An exact copy of every record is required.
(Records shown Opens)
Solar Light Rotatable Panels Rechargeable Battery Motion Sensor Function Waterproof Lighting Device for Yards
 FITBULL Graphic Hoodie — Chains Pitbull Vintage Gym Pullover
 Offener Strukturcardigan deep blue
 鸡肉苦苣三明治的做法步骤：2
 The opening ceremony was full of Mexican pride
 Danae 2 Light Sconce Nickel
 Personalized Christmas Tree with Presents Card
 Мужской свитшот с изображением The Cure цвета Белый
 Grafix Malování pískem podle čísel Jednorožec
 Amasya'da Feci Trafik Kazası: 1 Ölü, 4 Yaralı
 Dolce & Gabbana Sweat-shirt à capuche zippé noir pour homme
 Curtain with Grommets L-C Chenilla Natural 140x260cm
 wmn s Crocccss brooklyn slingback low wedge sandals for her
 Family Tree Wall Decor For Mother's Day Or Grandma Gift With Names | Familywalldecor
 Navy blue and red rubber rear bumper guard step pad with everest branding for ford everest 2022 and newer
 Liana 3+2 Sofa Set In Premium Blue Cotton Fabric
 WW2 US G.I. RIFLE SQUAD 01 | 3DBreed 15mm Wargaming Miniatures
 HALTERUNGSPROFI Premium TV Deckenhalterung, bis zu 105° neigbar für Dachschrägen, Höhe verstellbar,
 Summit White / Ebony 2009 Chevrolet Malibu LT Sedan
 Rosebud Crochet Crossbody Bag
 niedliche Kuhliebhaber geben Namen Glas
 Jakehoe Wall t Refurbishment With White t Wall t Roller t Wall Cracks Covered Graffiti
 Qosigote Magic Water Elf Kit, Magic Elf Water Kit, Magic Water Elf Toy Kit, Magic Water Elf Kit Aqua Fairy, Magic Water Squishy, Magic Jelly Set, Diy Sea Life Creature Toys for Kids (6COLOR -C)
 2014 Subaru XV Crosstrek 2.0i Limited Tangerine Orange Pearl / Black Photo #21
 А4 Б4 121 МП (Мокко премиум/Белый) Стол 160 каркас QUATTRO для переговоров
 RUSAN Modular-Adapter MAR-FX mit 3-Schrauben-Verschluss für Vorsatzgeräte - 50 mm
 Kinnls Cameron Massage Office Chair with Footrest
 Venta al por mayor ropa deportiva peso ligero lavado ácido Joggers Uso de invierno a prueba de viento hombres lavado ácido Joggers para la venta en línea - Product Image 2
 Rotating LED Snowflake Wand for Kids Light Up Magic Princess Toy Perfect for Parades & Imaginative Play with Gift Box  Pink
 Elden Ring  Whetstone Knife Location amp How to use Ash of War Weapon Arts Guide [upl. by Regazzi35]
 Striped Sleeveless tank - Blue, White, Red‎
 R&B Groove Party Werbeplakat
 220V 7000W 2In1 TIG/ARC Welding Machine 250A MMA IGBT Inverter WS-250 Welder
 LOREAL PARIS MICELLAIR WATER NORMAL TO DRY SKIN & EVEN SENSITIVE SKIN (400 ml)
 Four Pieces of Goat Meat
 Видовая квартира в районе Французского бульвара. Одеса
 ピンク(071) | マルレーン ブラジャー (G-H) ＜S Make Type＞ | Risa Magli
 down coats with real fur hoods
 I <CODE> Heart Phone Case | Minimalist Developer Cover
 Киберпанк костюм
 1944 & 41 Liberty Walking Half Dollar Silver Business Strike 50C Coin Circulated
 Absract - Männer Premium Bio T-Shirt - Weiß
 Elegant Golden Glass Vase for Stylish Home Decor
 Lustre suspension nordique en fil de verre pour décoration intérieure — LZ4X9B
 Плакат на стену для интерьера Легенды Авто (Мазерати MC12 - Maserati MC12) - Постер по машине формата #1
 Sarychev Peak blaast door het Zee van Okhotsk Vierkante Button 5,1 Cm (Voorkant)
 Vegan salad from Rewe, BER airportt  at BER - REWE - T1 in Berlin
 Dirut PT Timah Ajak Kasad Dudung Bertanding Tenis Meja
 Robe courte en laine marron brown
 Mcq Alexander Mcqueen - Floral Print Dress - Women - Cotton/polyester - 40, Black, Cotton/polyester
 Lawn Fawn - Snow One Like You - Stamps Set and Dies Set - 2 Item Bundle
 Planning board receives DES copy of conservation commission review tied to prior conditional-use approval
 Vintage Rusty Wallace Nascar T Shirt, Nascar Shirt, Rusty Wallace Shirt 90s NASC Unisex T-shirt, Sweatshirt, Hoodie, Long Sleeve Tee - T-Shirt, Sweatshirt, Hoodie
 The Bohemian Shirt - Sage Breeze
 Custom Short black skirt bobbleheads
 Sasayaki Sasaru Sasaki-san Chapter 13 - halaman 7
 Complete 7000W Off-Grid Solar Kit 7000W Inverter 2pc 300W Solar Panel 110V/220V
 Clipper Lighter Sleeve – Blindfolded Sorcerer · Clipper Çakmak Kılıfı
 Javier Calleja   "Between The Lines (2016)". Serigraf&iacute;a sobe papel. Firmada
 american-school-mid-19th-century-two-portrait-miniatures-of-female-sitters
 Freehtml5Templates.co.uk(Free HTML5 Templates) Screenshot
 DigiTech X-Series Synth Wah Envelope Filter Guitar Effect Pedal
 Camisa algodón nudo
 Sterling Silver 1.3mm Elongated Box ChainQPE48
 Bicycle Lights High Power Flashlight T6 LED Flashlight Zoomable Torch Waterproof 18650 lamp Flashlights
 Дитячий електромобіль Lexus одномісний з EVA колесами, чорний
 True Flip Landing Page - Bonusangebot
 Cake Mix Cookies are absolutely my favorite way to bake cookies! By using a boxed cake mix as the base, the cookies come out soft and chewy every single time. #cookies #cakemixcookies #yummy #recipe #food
(Records shown Closes)
■ **Result of the exercise**
Solar Light Rotatable Panels Rechargeable Battery Motion Sensor Function Waterproof Lighting Device for Yards
 FITBULL Graphic Hoodie — Chains Pitbull Vintage Gym Pullover
 Offener Strukturcardigan deep blue
 鸡肉苦苣三明治的做法步骤：2
 The opening ceremony was full of Mexican pride
 Danae 2 Light Sconce Nickel
 Personalized Christmas Tree with Presents Card
 Мужской свитшот с изображением The Cure цвета Белый
 Grafix Malování pískem podle čísel Jednorožec
 Amasya'da Feci Trafik Kazası: 1 Ölü, 4 Yaralı
 Dolce & Gabbana Sweat-shirt à capuche zippé noir pour homme
 Curtain with Grommets L-C Chenilla Natural 140x260cm
 wmn s Crocccss brooklyn slingback low wedge sandals for her
 Family Tree Wall Decor For Mother's Day Or Grandma Gift With Names | Familywalldecor
 Navy blue and red rubber rear bumper guard step pad with everest branding for ford everest 2022 and newer
 Liana 3+2 Sofa Set In Premium Blue Cotton Fabric
 WW2 US G.I. RIFLE SQUAD 01 | 3DBreed 15mm Wargaming Miniatures
 HALTERUNGSPROFI Premium TV Deckenhalterung, bis zu 105° neigbar für Dachschrägen, Höhe verstellbar,
 Summit White / Ebony 2009 Chevrolet Malibu LT Sedan
 Rosebud Crochet Crossbody Bag
 niedliche Kuhliebhaber geben Namen Glas
 Jakehoe Wall t Refurbishment With White t Wall t Roller t Wall Cracks Covered Graffiti
 Qosigote Magic Water Elf Kit, Magic Elf Water Kit, Magic Water Elf Toy Kit, Magic Water Elf Kit Aqua Fairy, Magic Water Squishy, Magic Jelly Set, Diy Sea Life Creature Toys for Kids (6COLOR -C)
 2014 Subaru XV Crosstrek 2.0i Limited Tangerine Orange Pearl / Black Photo #21
 А4 Б4 121 МП (Мокко премиум/Белый) Стол 160 каркас QUATTRO для переговоров
 RUSAN Modular-Adapter MAR-FX mit 3-Schrauben-Verschluss für Vorsatzgeräte - 50 mm
 Kinnls Cameron Massage Office Chair with Footrest
 Venta al por mayor ropa deportiva peso ligero lavado ácido Joggers Uso de invierno a prueba de viento hombres lavado ácido Joggers para la venta en línea - Product Image 2
 Rotating LED Snowflake Wand for Kids Light Up Magic Princess Toy Perfect for Parades & Imaginative Play with Gift Box  Pink
 Elden Ring  Whetstone Knife Location amp How to use Ash of War Weapon Arts Guide [upl. by Regazzi35]
 Striped Sleeveless tank - Blue, White, Red‎
 R&B Groove Party Werbeplakat
 220V 7000W 2In1 TIG/ARC Welding Machine 250A MMA IGBT Inverter WS-250 Welder
 LOREAL PARIS MICELLAIR WATER NORMAL TO DRY SKIN & EVEN SENSITIVE SKIN (400 ml)
 Four Pieces of Goat Meat
 Видовая квартира в районе Французского бульвара. Одеса
 ピンク(071) | マルレーン ブラジャー (G-H) ＜S Make Type＞ | Risa Magli
 down coats with real fur hoods
 I <CODE> Heart Phone Case | Minimalist Developer Cover
 Киберпанк костюм
 1944 & 41 Liberty Walking Half Dollar Silver Business Strike 50C Coin Circulated
 Absract - Männer Premium Bio T-Shirt - Weiß
 Elegant Golden Glass Vase for Stylish Home Decor
 Lustre suspension nordique en fil de verre pour décoration intérieure — LZ4X9B
 Плакат на стену для интерьера Легенды Авто (Мазерати MC12 - Maserati MC12) - Постер по машине формата #1
 Sarychev Peak blaast door het Zee van Okhotsk Vierkante Button 5,1 Cm (Voorkant)
 Vegan salad from Rewe, BER airportt  at BER - REWE - T1 in Berlin
 Dirut PT Timah Ajak Kasad Dudung Bertanding Tenis Meja
 Robe courte en laine marron brown
 Mcq Alexander Mcqueen - Floral Print Dress - Women - Cotton/polyester - 40, Black, Cotton/polyester
 Lawn Fawn - Snow One Like You - Stamps Set and Dies Set - 2 Item Bundle
 Planning board receives DES copy of conservation commission review tied to prior conditional-use approval
 Vintage Rusty Wallace Nascar T Shirt, Nascar Shirt, Rusty Wallace Shirt 90s NASC Unisex T-shirt, Sweatshirt, Hoodie, Long Sleeve Tee - T-Shirt, Sweatshirt, Hoodie
 The Bohemian Shirt - Sage Breeze
 Custom Short black skirt bobbleheads
 Sasayaki Sasaru Sasaki-san Chapter 13 - halaman 7
 Complete 7000W Off-Grid Solar Kit 7000W Inverter 2pc 300W Solar Panel 110V/220V
 Clipper Lighter Sleeve – Blindfolded Sorcerer · Clipper Çakmak Kılıfı
 Javier Calleja   "Between The Lines (2016)". Serigraf&iacute;a sobe papel. Firmada
 american-school-mid-19th-century-two-portrait-miniatures-of-female-sitters
 Freehtml5Templates.co.uk(Free HTML5 Templates) Screenshot
 DigiTech X-Series Synth Wah Envelope Filter Guitar Effect Pedal
 Camisa algodón nudo
 Sterling Silver 1.3mm Elongated Box ChainQPE48
 Bicycle Lights High Power Flashlight T6 LED Flashlight Zoomable Torch Waterproof 18650 lamp Flashlights
 Дитячий електромобіль Lexus одномісний з EVA колесами, чорний
 True Flip Landing Page - Bonusangebot
 Cake Mix Cookies are absolutely my favorite way to bake cookies! By using a boxed cake mix as the base, the cookies come out soft and chewy every single time. #cookies #cakemixcookies #yummy #recipe #food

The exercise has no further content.